Allocation of Authority and Responsibility in Advanced Air Mobility Operations for Performance-Limited Agents
Open Access
- Author:
- Ghimire, Ishan
- Graduate Program:
- Aerospace Engineering
- Degree:
- Master of Science
- Document Type:
- Master Thesis
- Date of Defense:
- February 23, 2024
- Committee Members:
- Amy Ruth Pritchett, Thesis Advisor/Co-Advisor
Eric Greenwood, Committee Member
Jacob Langelaan, Professor in Charge/Director of Graduate Studies - Keywords:
- AAM
Function Allocations
CONOPS
Monitoring
Working-Memory - Abstract:
- The operation of human-autonomy teams in Advanced Air Mobility (AAM) depends on the capabilities of each agent, what information they need to know and communicate, and the organizational structure that outlines what actions they perform and what outcomes they are responsible for. This thesis examines the Concept of Operations for Urban Air Mobility Maturity Level (UML) 4, hereafter referred to as CONOPS, to highlight the differences and commonalities in two principles for allocating authority and responsibility for all the actions needed to perform the CONOPS: one based by grouping the roles the different agents perform, and one based on the location of where the actions take place.
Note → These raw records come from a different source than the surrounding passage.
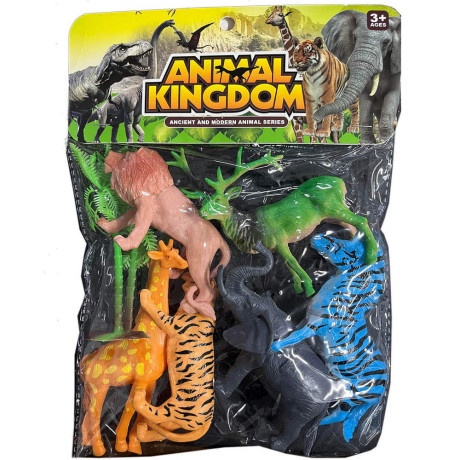 Африкански животни 6 бр. с жираф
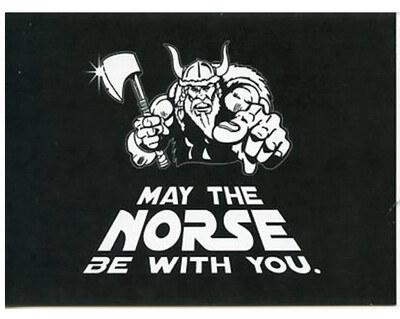 Notecards-May The Norse B W/u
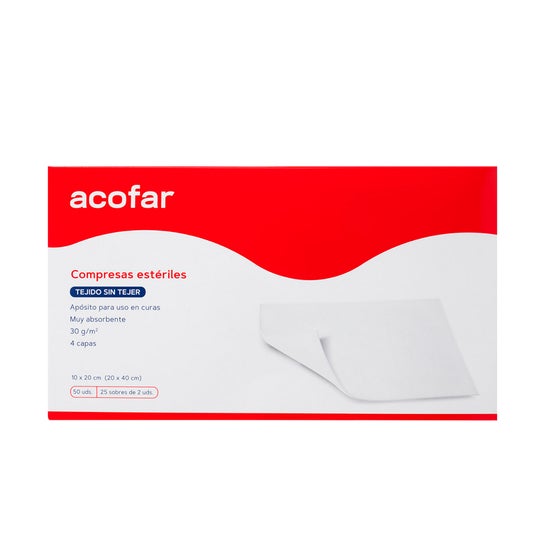 Acofar Compresas Estériles Sin Tejer 10 X20 cm 50 uds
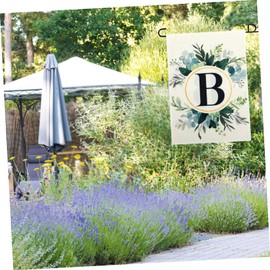 GANAZONO Letter B Garden Flag Floral Prints Design Durable Material Outdoor Decoration for Garden and Parties for Creating Memorable Moments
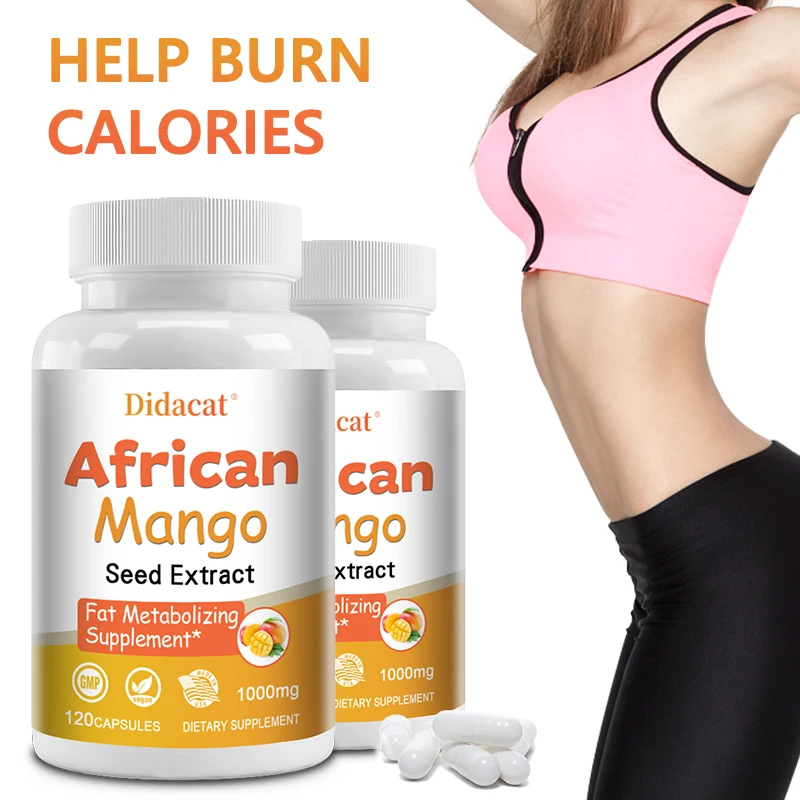 

African Mango Extract Cleanse, Fat Burner, Dietary Supplement, Detox Capsules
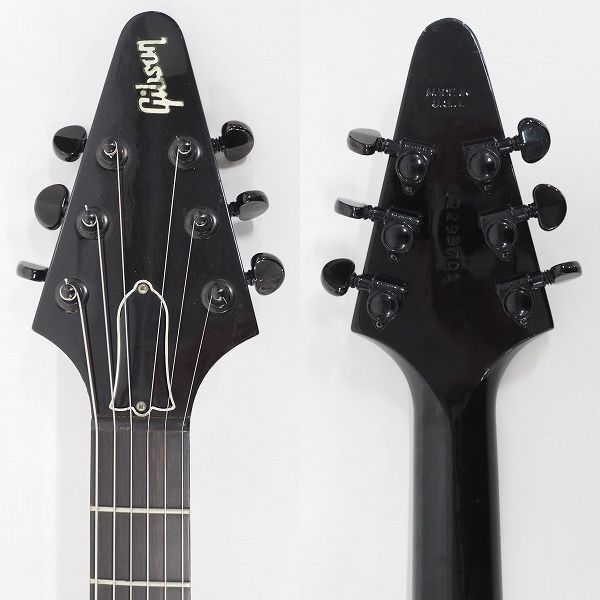 実際に弊社で買取させて頂いた★【難有り】Gibson/ギブソン Flying V/フライング V V90 1989年製 エレキギター ハードケース付の画像 2枚目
Using Work Models that Compute (WMC), simulations of a case study involving multiple vehicles performing multiple missions examined the demands placed on the agents with each allocation. Additionally, to represent the behavior of human agents more accurately within the teams, this thesis models agents as having limits. Some simulations examined the impact of limiting all agents in the number of actions they can simultaneously perform. In other simulations the human agents were represented as memory limited agents, with a maximum constant value on the number of discrete pieces of information that can be held in their working memory. Since all actions do not require the same amount of information to be held in short-term memory, this creates a dynamic limit to the number of actions simultaneously performed. In considering the agents’ taskload, there is a strong need to also model the monitoring actions done by the agents, where one agent is responsible for the outcomes of the actions executed by a different agent. This monitoring work significantly impacts the load on the agent, resulting in acute and chronic saturation of the agents’ capabilities, and delays in safety critical monitoring.